Below are the records; collect from them each line containing the string "Prize".

[[ Information provided, beginning ]]

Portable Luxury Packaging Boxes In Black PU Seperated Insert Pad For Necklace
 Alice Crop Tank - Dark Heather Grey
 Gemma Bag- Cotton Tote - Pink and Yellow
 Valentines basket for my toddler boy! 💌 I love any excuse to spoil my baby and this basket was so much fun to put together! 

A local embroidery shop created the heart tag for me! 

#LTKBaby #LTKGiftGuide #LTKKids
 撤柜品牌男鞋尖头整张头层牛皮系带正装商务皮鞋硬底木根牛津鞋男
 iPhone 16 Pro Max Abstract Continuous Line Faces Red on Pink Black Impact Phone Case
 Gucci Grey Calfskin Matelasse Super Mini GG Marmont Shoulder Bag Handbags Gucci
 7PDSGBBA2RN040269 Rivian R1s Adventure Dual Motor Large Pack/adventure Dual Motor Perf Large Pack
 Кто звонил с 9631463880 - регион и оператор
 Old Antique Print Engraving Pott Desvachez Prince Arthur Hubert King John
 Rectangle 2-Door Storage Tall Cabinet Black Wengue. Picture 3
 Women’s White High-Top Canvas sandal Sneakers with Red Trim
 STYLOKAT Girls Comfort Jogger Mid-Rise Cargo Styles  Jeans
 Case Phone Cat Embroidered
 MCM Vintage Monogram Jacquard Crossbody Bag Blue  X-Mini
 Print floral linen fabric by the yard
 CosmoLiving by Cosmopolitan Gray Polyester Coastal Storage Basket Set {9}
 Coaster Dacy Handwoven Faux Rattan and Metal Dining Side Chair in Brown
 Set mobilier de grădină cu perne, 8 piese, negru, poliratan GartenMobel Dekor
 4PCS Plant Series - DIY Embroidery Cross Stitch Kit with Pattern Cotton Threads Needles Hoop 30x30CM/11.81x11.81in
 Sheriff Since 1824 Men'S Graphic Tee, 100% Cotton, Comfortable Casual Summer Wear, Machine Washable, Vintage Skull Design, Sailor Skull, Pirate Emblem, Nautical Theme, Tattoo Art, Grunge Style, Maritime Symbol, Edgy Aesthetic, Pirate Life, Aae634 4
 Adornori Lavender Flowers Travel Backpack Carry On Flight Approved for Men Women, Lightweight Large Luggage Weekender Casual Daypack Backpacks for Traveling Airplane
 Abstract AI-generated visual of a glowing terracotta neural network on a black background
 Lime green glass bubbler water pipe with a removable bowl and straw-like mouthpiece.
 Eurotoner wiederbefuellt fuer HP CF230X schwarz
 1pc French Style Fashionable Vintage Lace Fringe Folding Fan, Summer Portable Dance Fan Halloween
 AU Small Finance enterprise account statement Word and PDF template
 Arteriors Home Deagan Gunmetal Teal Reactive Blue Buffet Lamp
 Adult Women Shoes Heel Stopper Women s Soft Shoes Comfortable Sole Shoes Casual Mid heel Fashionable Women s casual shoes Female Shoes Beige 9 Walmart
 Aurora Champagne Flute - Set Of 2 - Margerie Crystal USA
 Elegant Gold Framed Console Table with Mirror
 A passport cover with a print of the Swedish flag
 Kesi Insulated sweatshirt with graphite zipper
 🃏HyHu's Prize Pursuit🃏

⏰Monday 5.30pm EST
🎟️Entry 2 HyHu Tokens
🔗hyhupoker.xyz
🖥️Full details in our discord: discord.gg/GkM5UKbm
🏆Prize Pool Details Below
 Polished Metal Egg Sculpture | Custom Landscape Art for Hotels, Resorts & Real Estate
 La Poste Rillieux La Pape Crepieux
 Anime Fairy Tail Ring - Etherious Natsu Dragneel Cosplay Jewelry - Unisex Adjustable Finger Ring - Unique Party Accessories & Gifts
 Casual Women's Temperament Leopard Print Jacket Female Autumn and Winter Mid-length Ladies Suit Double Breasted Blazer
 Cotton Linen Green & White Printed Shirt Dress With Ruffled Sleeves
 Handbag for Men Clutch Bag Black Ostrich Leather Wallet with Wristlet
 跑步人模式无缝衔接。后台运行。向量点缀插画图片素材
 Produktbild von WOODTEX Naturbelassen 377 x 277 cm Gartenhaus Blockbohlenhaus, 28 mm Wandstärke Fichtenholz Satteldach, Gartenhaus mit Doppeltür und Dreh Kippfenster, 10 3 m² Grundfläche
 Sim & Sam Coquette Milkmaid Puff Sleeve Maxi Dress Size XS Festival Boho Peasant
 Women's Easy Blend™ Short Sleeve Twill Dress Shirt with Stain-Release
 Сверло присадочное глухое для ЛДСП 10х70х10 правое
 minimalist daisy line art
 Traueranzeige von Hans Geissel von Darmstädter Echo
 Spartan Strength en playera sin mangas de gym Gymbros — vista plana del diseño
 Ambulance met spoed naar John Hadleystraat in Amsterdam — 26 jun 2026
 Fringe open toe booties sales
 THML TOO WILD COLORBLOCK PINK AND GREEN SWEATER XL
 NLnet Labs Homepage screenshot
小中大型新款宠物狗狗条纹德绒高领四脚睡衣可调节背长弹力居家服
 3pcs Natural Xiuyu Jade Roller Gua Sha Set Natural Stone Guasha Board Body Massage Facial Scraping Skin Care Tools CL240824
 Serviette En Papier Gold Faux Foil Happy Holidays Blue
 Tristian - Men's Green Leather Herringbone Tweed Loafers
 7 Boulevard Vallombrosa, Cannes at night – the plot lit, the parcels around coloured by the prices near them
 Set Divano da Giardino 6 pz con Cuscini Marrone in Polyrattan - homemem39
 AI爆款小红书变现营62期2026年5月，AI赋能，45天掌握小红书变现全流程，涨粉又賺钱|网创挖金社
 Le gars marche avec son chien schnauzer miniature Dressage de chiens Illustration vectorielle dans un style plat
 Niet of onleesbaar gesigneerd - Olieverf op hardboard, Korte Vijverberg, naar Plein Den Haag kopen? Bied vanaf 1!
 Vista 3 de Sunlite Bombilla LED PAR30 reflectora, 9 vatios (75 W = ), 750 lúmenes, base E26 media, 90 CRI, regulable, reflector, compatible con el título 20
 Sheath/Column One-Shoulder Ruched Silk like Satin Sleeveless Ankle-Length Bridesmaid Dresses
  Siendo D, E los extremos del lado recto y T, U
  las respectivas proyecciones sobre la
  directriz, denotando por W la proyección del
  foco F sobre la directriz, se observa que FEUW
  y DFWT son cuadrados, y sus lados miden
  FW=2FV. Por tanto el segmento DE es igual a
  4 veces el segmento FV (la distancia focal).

[[ Information provided, end ]]

Result of this exercise:
 🃏HyHu's Prize Pursuit🃏
🏆Prize Pool Details Below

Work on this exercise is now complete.